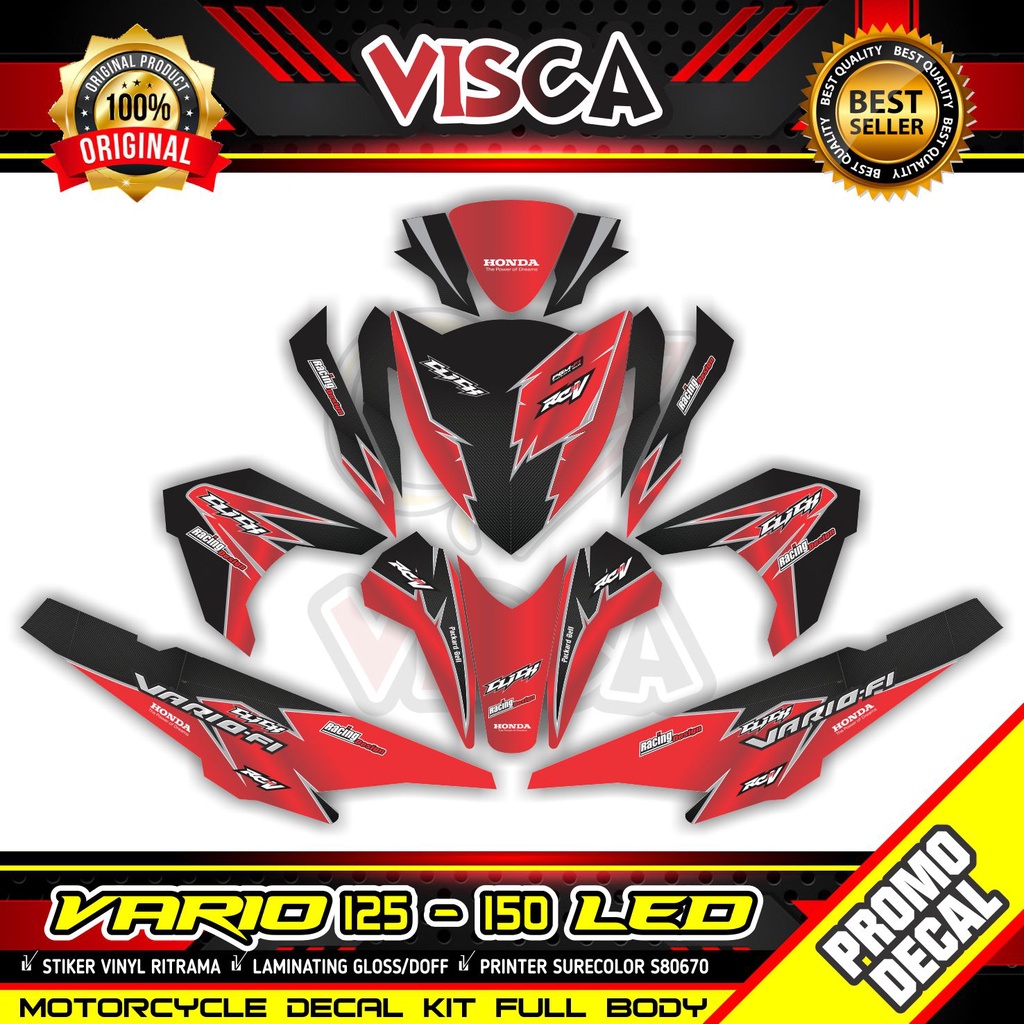 Decal Stiker Vario 2016 2017 Striping Vario 125 150 Led Click
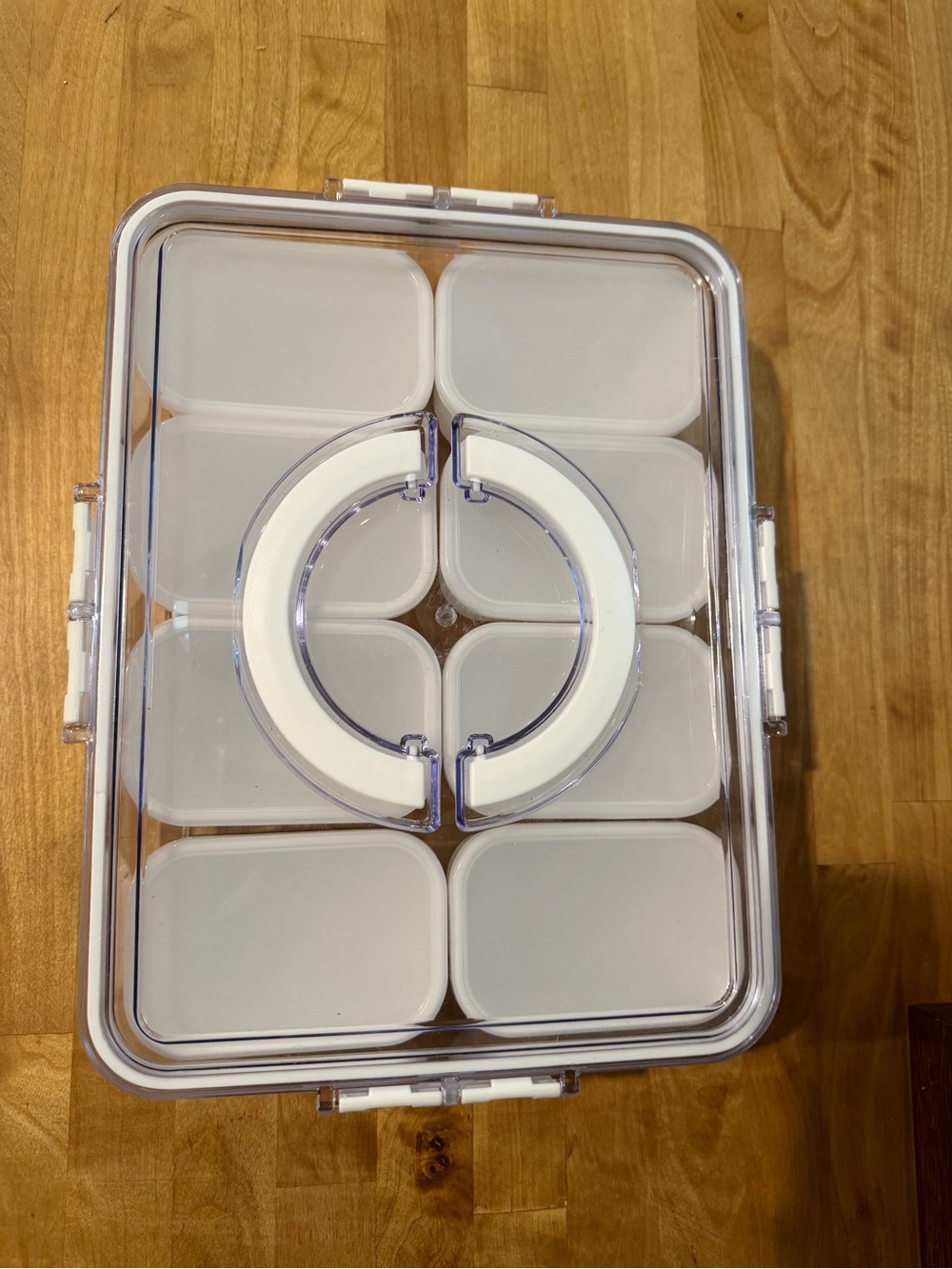 White Plastic Modular Meal Prep Container - Home Storage & Organization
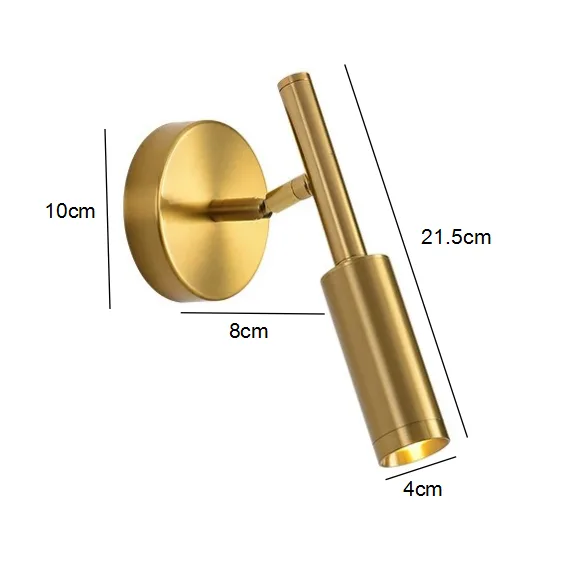 Aplica pentru perete tip spot Gold - imagine 3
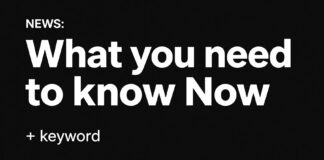 خبر عاجل: ما الذي يجب أن تعرفه الآن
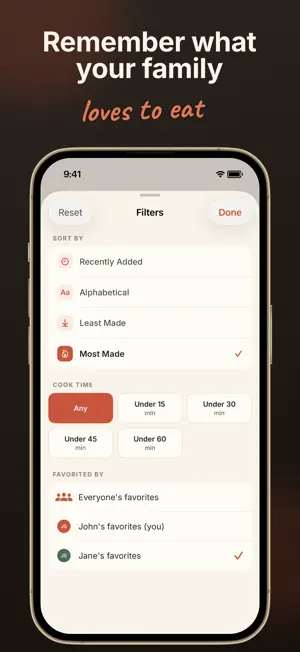 Family Meal Planner: Our Meals screenshot 4
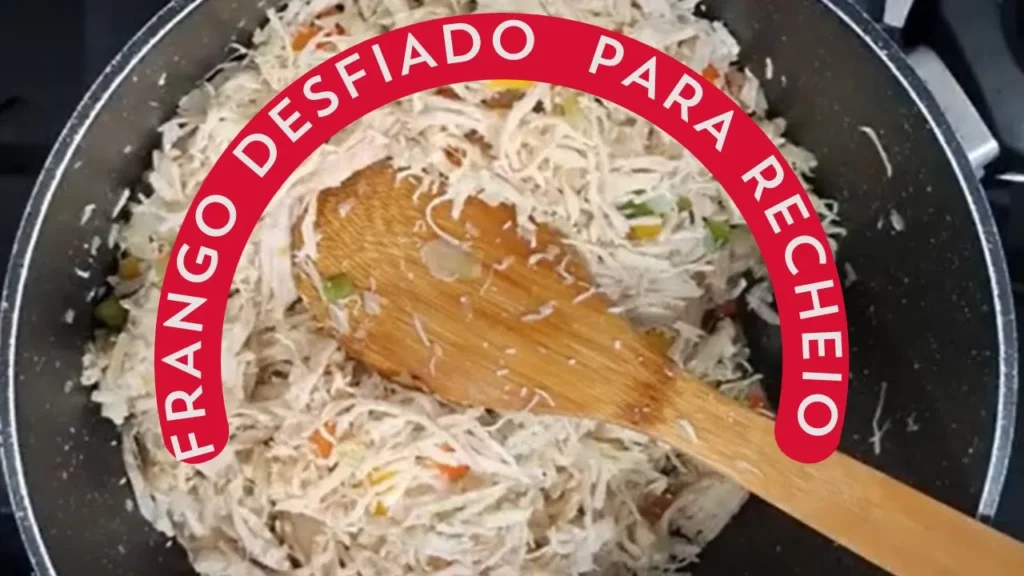 Delicioso e suculento recheio de frango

______________________________

WHAT NEEDS TO BE DONE: Pictures are to be dropped; every line of the records is to be returned unchanged.

EXPECTED ANSWER:
 Decal Stiker Vario 2016 2017 Striping Vario 125 150 Led Click
 White Plastic Modular Meal Prep Container - Home Storage & Organization
 Aplica pentru perete tip spot Gold - imagine 3
 خبر عاجل: ما الذي يجب أن تعرفه الآن
 Family Meal Planner: Our Meals screenshot 4
 Delicioso e suculento recheio de frango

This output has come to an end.